▶ _Aim of the task_
Every line in the data below has to be repeated exactly; no picture belongs in the result.

▶ _Given data_

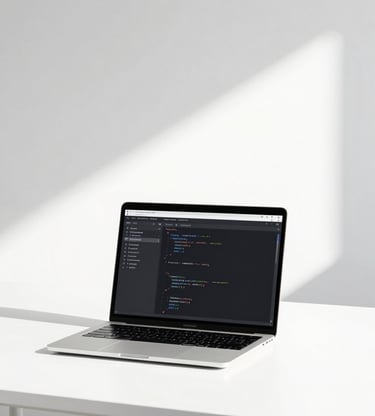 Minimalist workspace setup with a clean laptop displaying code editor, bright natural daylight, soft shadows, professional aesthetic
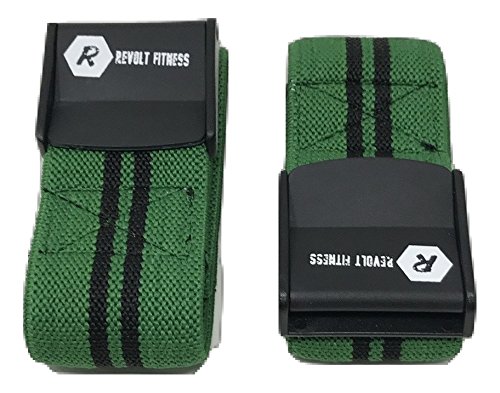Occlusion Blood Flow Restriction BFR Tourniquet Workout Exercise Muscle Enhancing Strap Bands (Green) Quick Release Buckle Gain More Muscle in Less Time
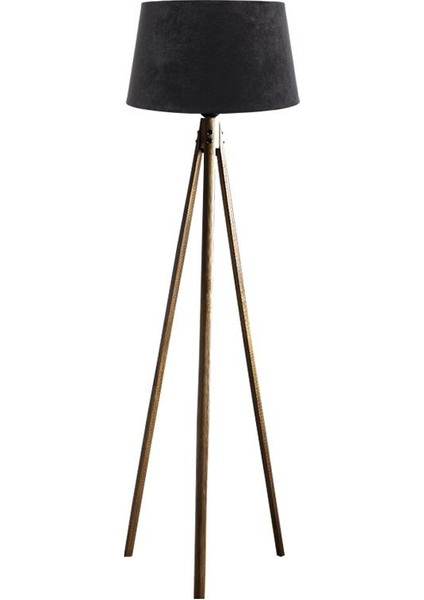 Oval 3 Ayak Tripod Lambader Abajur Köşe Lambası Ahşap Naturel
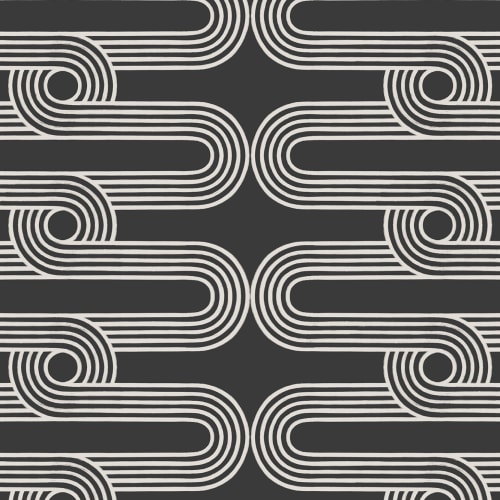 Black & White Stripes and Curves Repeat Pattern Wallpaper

▶ _Response for this exercise_
 Minimalist workspace setup with a clean laptop displaying code editor, bright natural daylight, soft shadows, professional aesthetic
Occlusion Blood Flow Restriction BFR Tourniquet Workout Exercise Muscle Enhancing Strap Bands (Green) Quick Release Buckle Gain More Muscle in Less Time
 Oval 3 Ayak Tripod Lambader Abajur Köşe Lambası Ahşap Naturel
 Black & White Stripes and Curves Repeat Pattern Wallpaper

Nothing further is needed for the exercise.